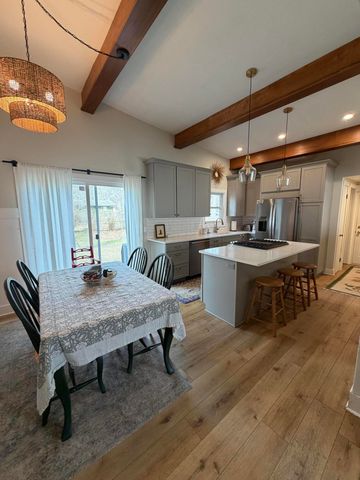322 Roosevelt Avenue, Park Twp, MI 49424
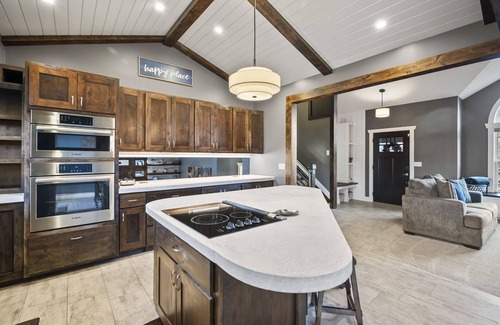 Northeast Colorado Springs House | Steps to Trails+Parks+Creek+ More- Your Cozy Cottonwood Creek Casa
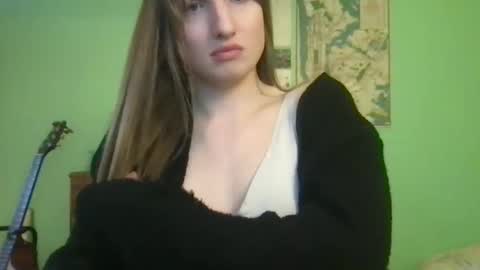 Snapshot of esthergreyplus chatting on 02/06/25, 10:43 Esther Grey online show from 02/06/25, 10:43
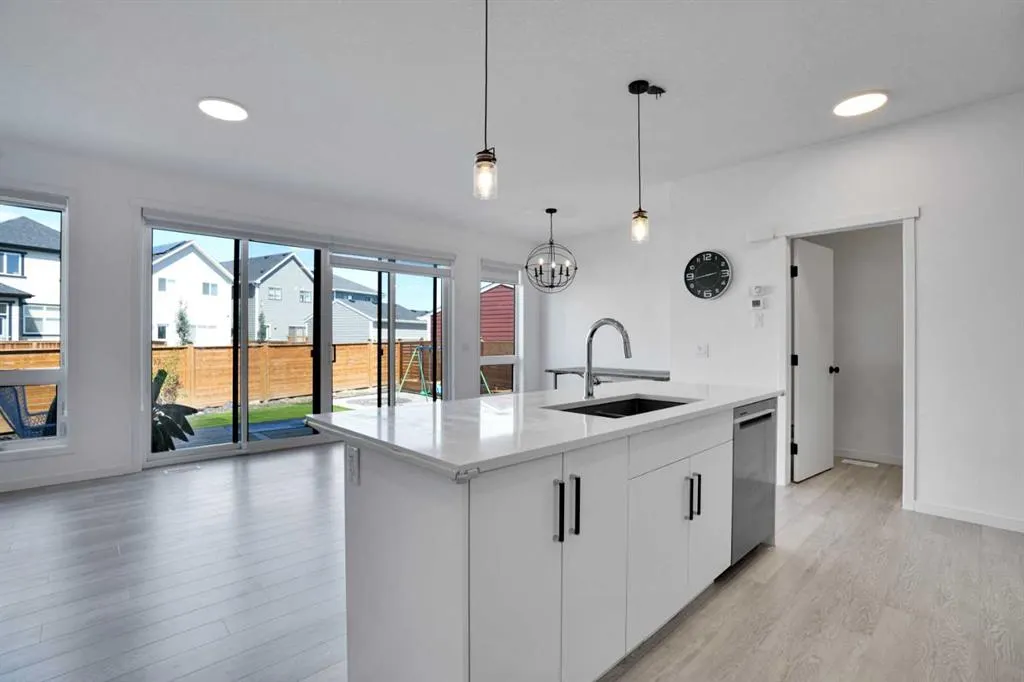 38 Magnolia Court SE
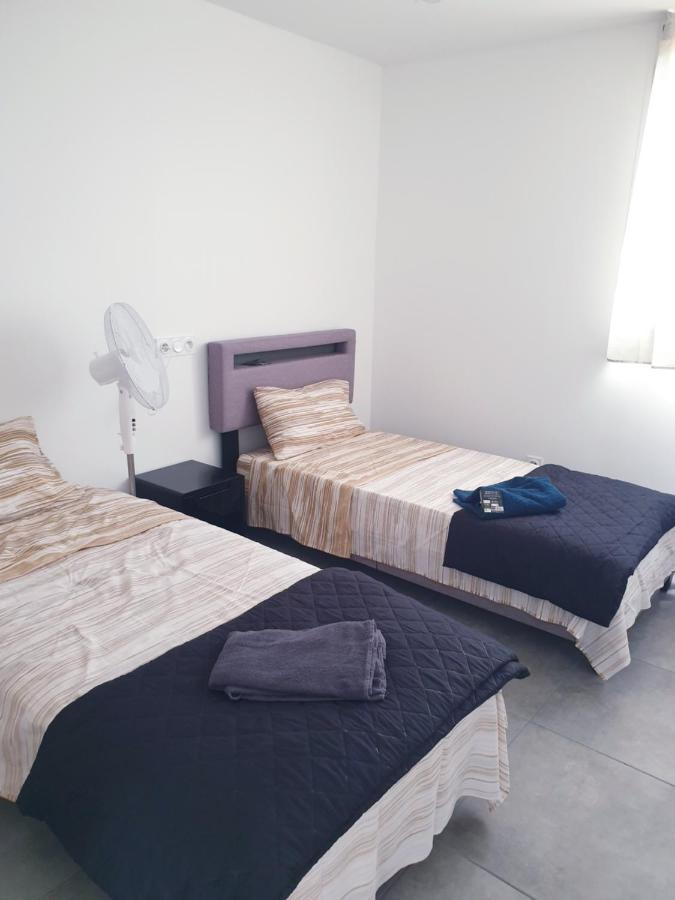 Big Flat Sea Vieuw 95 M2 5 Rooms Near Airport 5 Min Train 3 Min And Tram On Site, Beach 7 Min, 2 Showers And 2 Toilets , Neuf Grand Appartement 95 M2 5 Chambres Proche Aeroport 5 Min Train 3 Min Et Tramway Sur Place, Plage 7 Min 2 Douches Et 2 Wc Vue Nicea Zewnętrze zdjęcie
════════════════
Each record above is to be restated exactly, with its pictures removed from the copy.

● **YOUR SOLUTION**
322 Roosevelt Avenue, Park Twp, MI 49424
 Northeast Colorado Springs House | Steps to Trails+Parks+Creek+ More- Your Cozy Cottonwood Creek Casa
 Snapshot of esthergreyplus chatting on 02/06/25, 10:43 Esther Grey online show from 02/06/25, 10:43
 38 Magnolia Court SE
 Big Flat Sea Vieuw 95 M2 5 Rooms Near Airport 5 Min Train 3 Min And Tram On Site, Beach 7 Min, 2 Showers And 2 Toilets , Neuf Grand Appartement 95 M2 5 Chambres Proche Aeroport 5 Min Train 3 Min Et Tramway Sur Place, Plage 7 Min 2 Douches Et 2 Wc Vue Nicea Zewnętrze zdjęcie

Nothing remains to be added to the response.